Satu Ruko di Bengkalis Diduga jadi Tempat Penyimpanan Narkoba Jaringan Internasional
RIAU24.COM - Pihak kepolisian resort Polres Bengkalis terus melakukan pengembangan terkait penangkapan kasus peredaran narkotika jenis sabu-sabu dengan barang bukti seberat 65 kilogram diwilayah kecamatan Bantan.
Dari pengembangan perkara tersebut, tim gabungan Polsek Bantan dan Satresnarkoba Polres Bengkalis kembali melakukan penyelidikan hingga mengarah ke wilayah Kota Bengkalis.
Tak sampai disitu, petugas juga melakukan penggeledahan terhadap 1 buah ruko tepatnya di Jalan Kelapapati Laut, Kecamatan Bengkalis, diduga berkaitan jaringan peredaran narkotika.
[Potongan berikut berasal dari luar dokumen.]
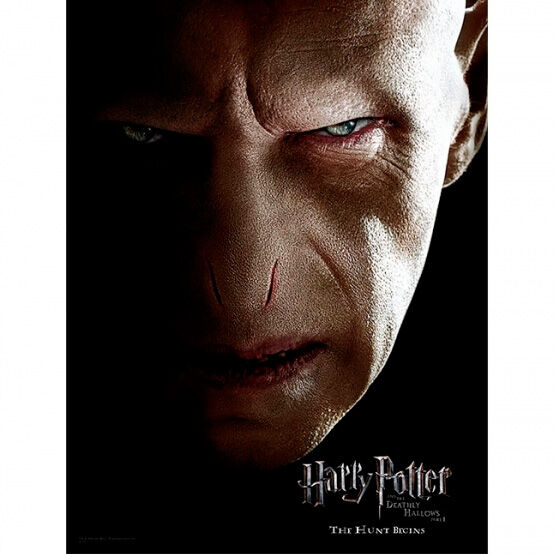 Póster de cristal de Voldemort de Harry Potter en formato 30 x 40 cm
"Hasil penggeledahan, petugas menemukan sejumlah barang yang diduga berkaitan dengan aktivitas penampungan dan pengemasan narkotika, di antaranya beberapa tas hitam, tas plastik, karung, serta plastik hitam yang diduga merupakan bekas pembungkus narkotika,"ungkap AKP Tidar Kasatnarkoba Polres Bengkalis, Sabtu 12 September 2026.
Kemudian, satu buah ruko tersebut langsung disita Polres Bengkalis. Penyitaan itu, untuk kepentingan proses penyidikan, pengembangan perkara, guna mengungkap lebih jauh jaringan peredaran narkotika yang diduga melibatkan jaringan internasional.
AKP Tidar menegaskan bahwa pengungkapan tersebut masih terus dikembangkan, membongkar seluruh jaringan, termasuk pihak yang berperan sebagai pemasok maupun penerima barang.
"Pengungkapan bermula dari informasi masyarakat mengenai dugaan pengiriman narkotika dari Malaysia melalui jalur laut menuju diwilayah Kecamatan Bantan," ujarnya.
Petugas kemudian mengamankan seorang tersangka berinisial S bersama mobil pickup yang diduga membawa empat karung berisi narkotika jenis sabu-sabu dengan berat sekitar 65 kilogram.
Hasil interogasi pengembangan selanjutnya mengarah kepada dua orang lainnya berinisial S dan P. Mereka diduga berperan dalam membawa barang melalui jalur laut menggunakan perahu nelayan Bmenuju daratan.
"Saat ini para tersangka beserta barang bukti telah diamankan untuk menjalani proses hukum. Sementara itu, 1 buah ruko yang diduga berkaitan dengan jaringan tersebut telah disita dan menjadi bagian dari pengembangan penyidikan terkait peredaran narkoba tersebut,"tegasnya.
"Polres Bengkalis memastikan pengembangan perkara akan terus dilakukan guna mengungkap seluruh mata rantai jaringan peredaran narkotika, mencegah masuknya narkotika melalui jalur perairan di wilayah Kabupaten Bengkalis, provinsi riau," pungkasnya.